Quand il sirote son cappuccino dans un café de Vilnius, rien ne distingue Yauhen des autres jeunes Lituaniens, tatoués et habillés à la mode comme lui. Tout les sépare pourtant. Le Biélorusse est réfugié en Lituanie. « J'ai l'impression d'être parfois dans un monde parallèle où la Biélorussie n'a jamais été une dictature. D'un côté, quitter le pays a été une très bonne décision, d'un autre, je rêve souvent de retourner dans mon pays », confie-t-il.

Il est arrivé en Lituanie le 4 novembre 2020, après avoir été expulsé de l'université à Minsk. Il s'est fait tatouer le tampon d'entrée sur le territoire sur son bras. Comme la plupart des 51 000 Biélorusses arrivés dans ce pays depuis cinq ans, il n'a pas choisi ce déracinement. Même s'il parle lituanien, il est content de trouver des endroits où échanger en biélorusse. « Tous les trois-quatre mois, des espaces apparaissent où les Biélorusses peuvent se retrouver. Il y a un restaurant biélorusse, Karczma, un magasin de souvenirs biélorusses qui organisent aussi des rencontres, des événements », énumère-t-il.

Victoria Federova dirige l'ONG Legal Initiative. Elle documente les cas de torture dans les prisons biélorusses et verse ces preuves aux enquêtes ouvertes contre le régime de Minsk en Lituanie. Le quotidien peut être parfois compliqué. « Nos pièces d'identité vont bientôt expirer et par exemple, on ne sait pas comment faire pour les renouveler. Désormais, c'est interdit de le faire dans les ambassades », regrette-t-elle.

Les services de renseignement lituaniens avertissent depuis quelques mois de la campagne active de recrutement du KGB biélorusse en Lituanie. « ​​​​​​​J'ai appris aujourd'hui que le comité biélorusse d'investigation avait ouvert des enquêtes criminelles contre des personnes qui avaient manifesté à l'étranger contre le régime. Ils peuvent nous juger par contumace et confisquer nos biens en Biélorussie », explique Victoria Federova, qui se méfie lorsqu'elle se rend à des manifestations. 

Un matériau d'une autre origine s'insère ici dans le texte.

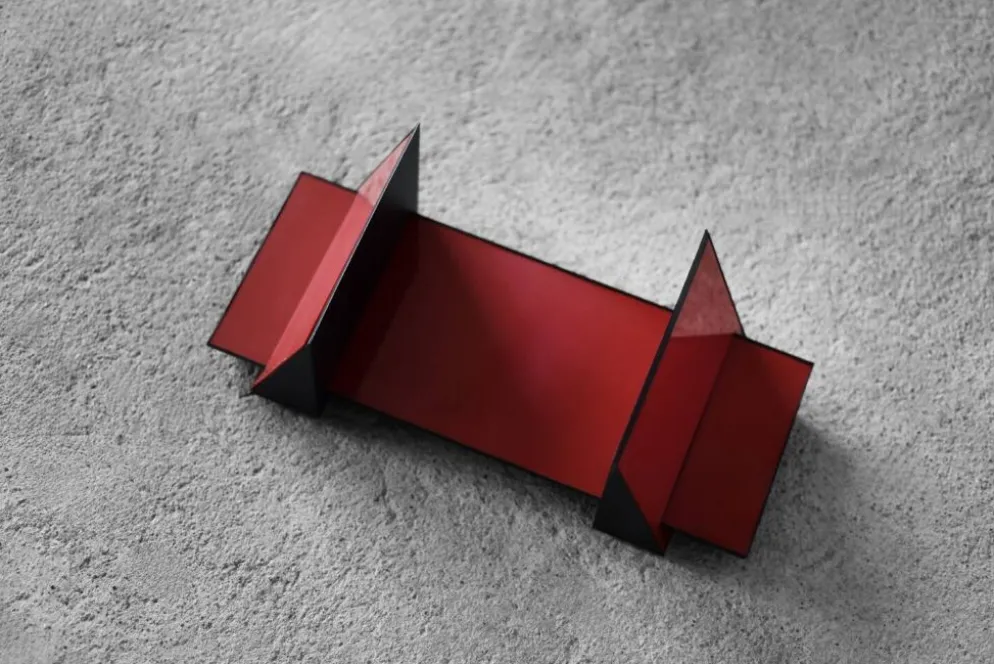 Porte-livres en plastique rouge Vintage Mid-Century Italian Modern Space Age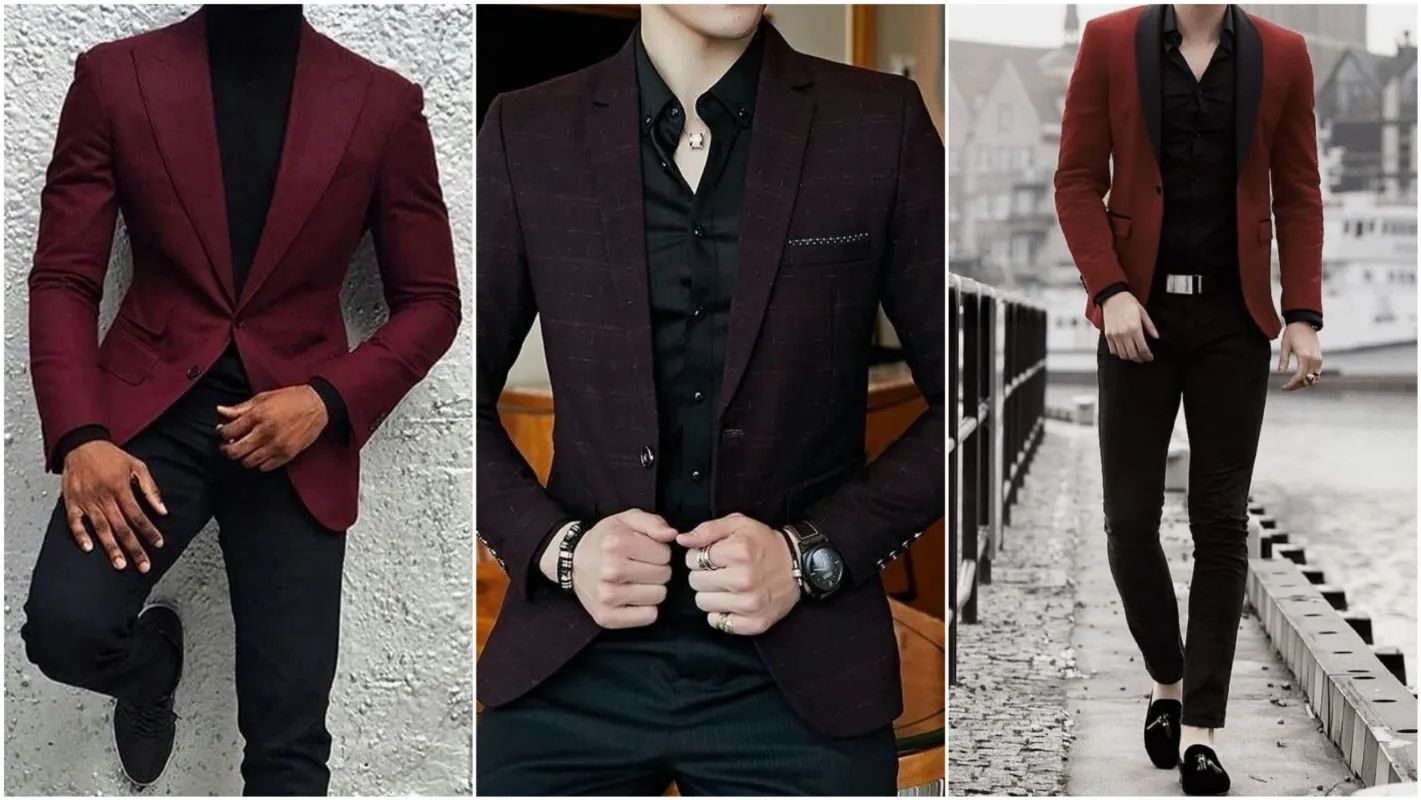 Dark red shades blazers for men ie; wine, maroon, burgundy 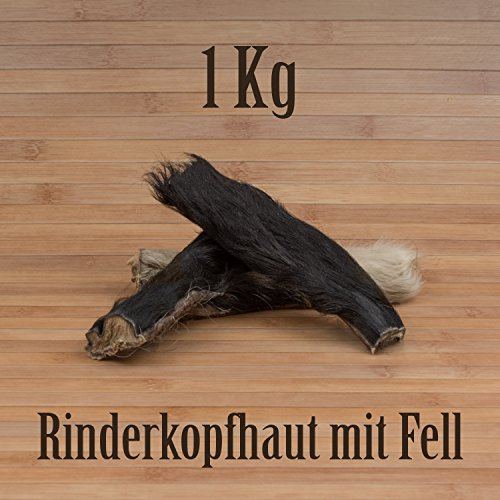 1 Kg Rinderkopfhaut mit Fell Fellhaut Fellstreifen Fellohren Kausnack Kauartikel Barf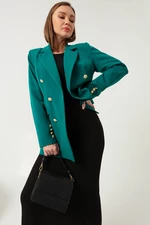 Lafaba Women's Green Gold Buttoned Jacket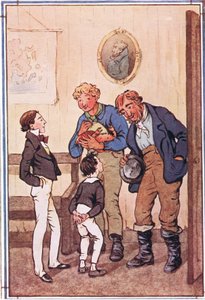 Bay Peggotty ceplerinden iki harika ıstakoz, devasa bir yengeç ve büyük bir kanvas çanta karides çıkardı, David Copperfield, 1914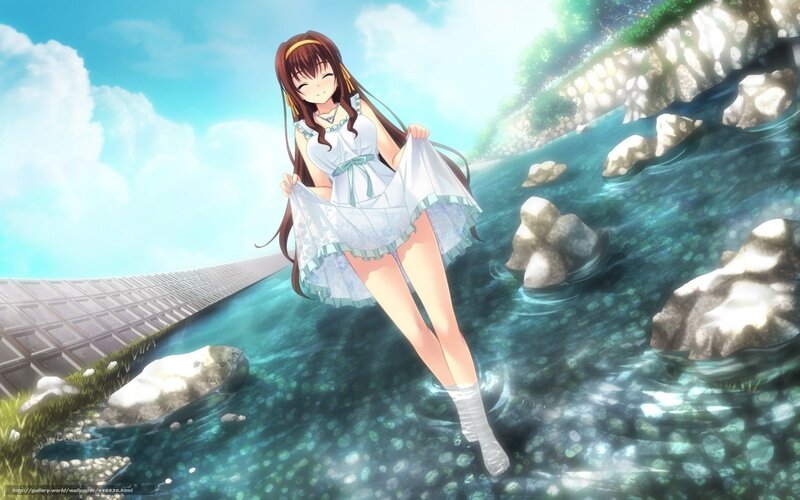 Anime Girl in Stream — Blue, Serene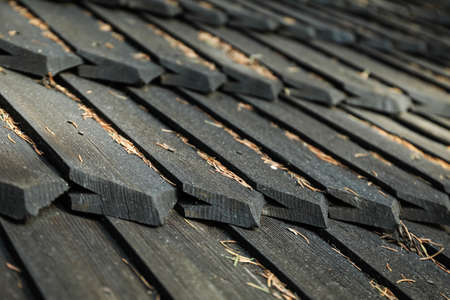 Wooden roof of old house, selective focusの写真素材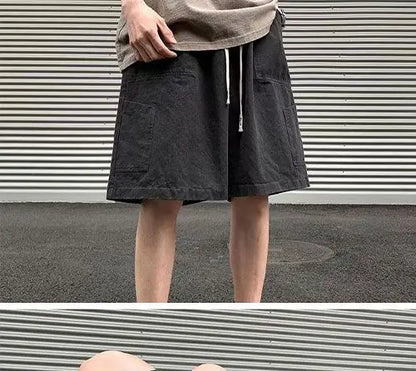 Korean Khaki Cargo Shorts for Men and Women in Summer Y2K Japanese Retro Casual Wide-leg Harajuku Trendy Sports Shorts Street King Limited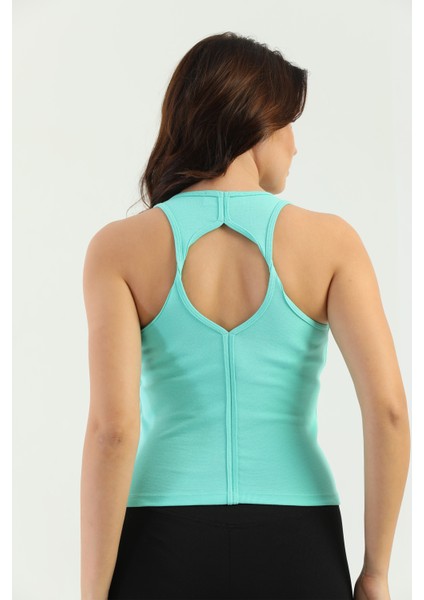 Mint Çapraz Askılı Slim Fit Ribana Kadın Atlet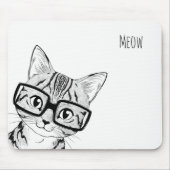Schattige handgemaakte nerdy Cat Art Witte Muismat (Voorkant)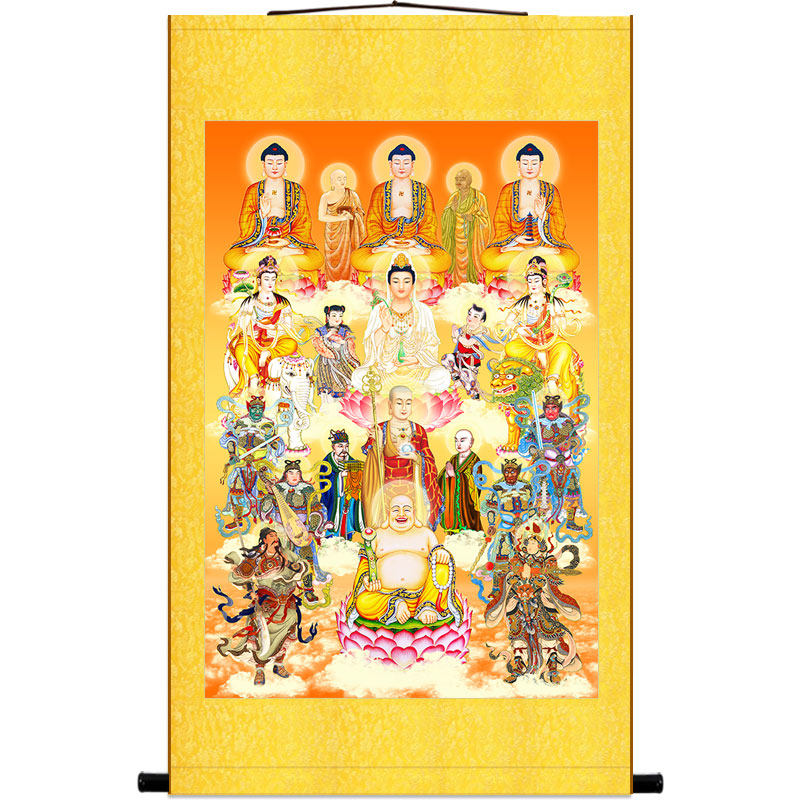 高全堂佛满堂佛菩萨画像挂画 众佛图全佛图 佛堂供奉水陆卷轴画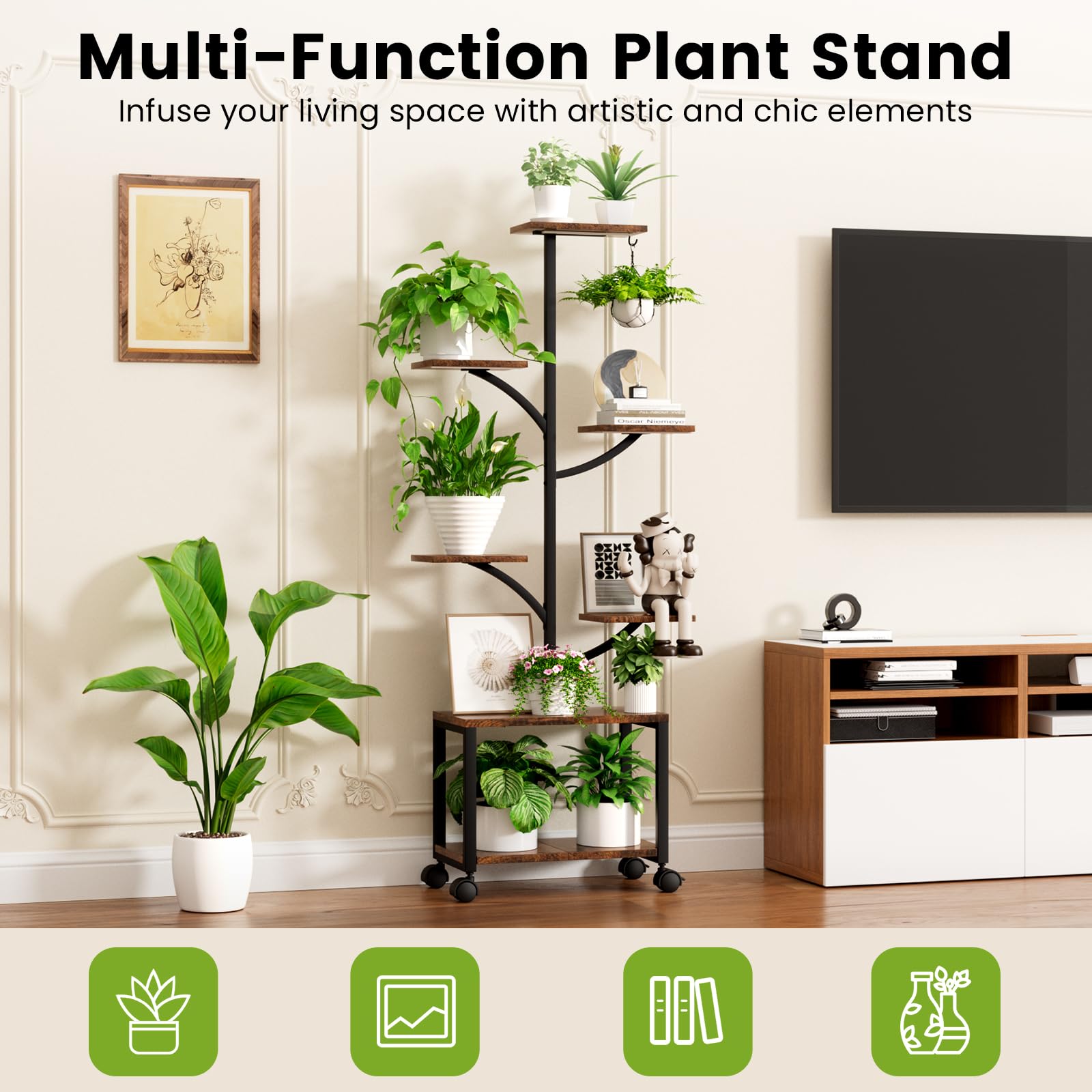 7-Tier Plant Stand with Grow Lights and Wheels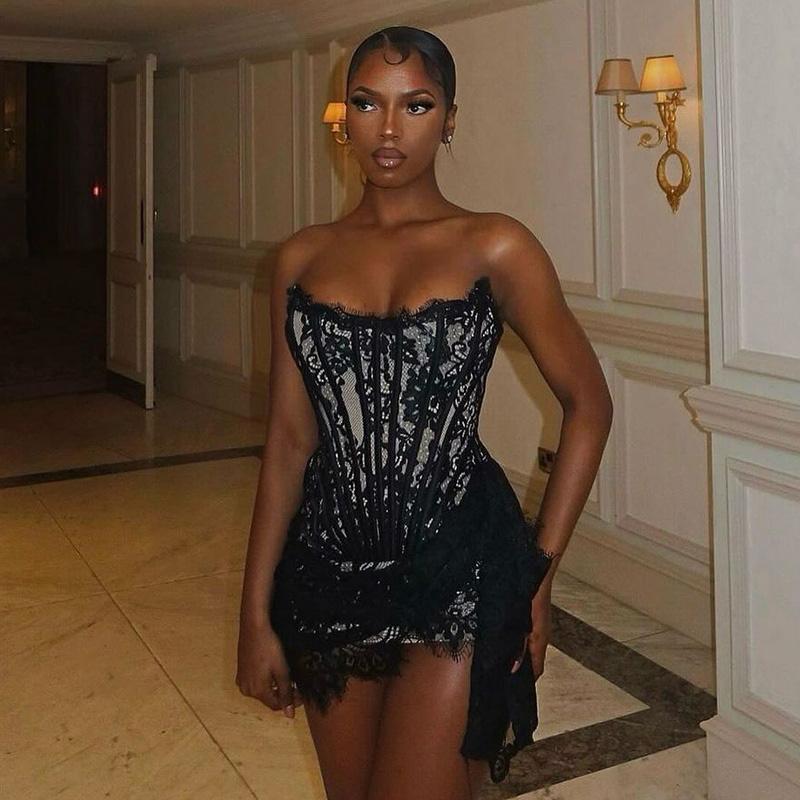 Sexy Wedding Party Dress Women Elegant Lace High Waist Bandage Bodycon Mini Dress Strapless Slim Corset Evening Dress
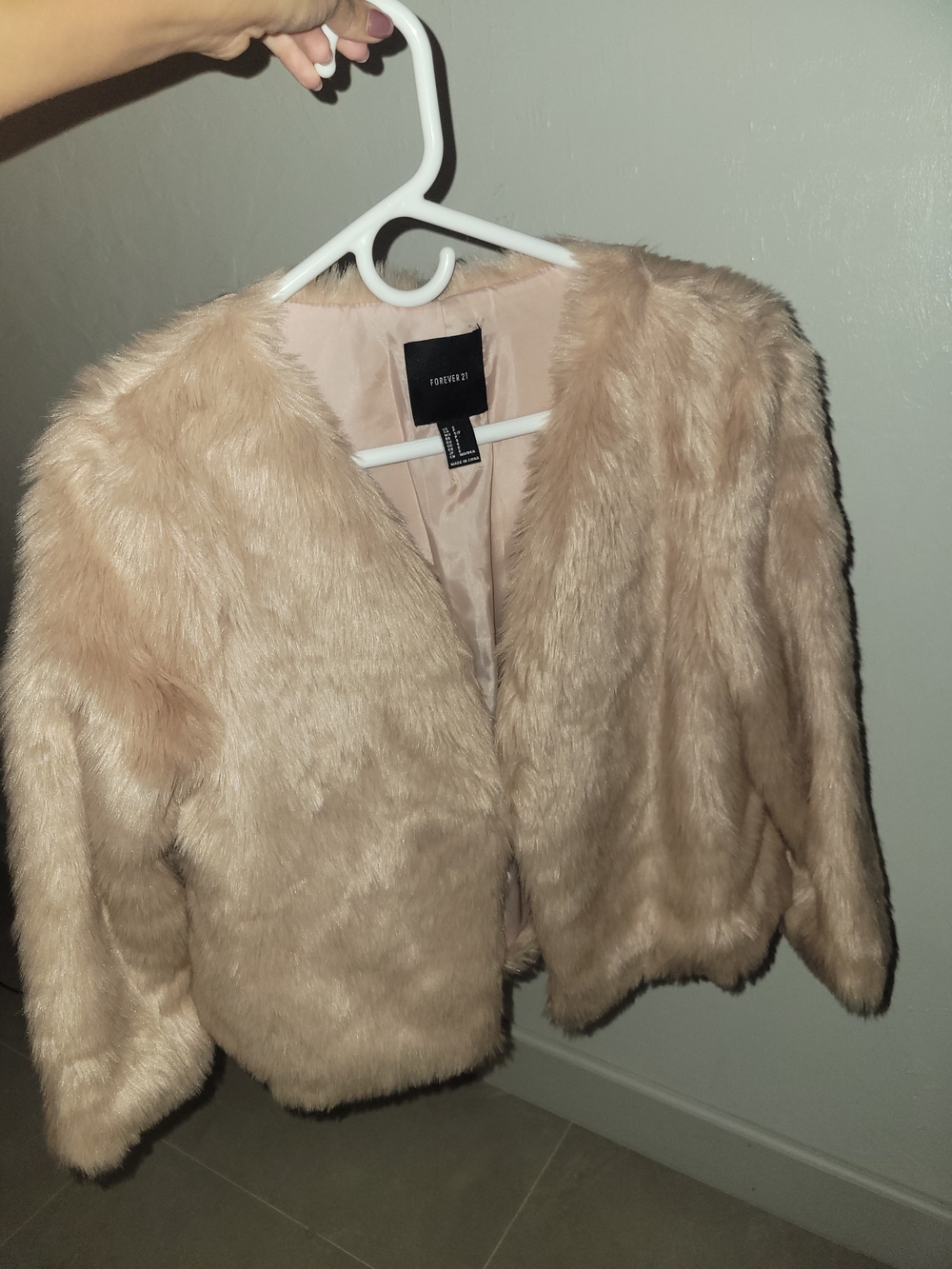 Forever 21 Rose Blush Faux Fur Teddy Jacket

Le poète Tsikhan Czarnikiewicz a recréé l'union des écrivains biélorusses à Vilnius, après que l'association a été fermée du jour au lendemain durant l'été 2021. Pour lui, promouvoir la culture est un acte de résistance : « On organise ici des événements littéraires, des festivals et on essaye d'inviter des auteurs de Biélorussie. Il y a si peu d'occasions aujourd'hui en Biélorussie pour les écrivains, les musiciens, les acteurs. »

Quand on sort de Vilnius, les panneaux indiquent la direction de Minsk ou Grodno, deux grandes villes biélorusses toutes proches. Mais pour de nombreux émigrés, traverser la frontière signifierait être directement envoyé en prison.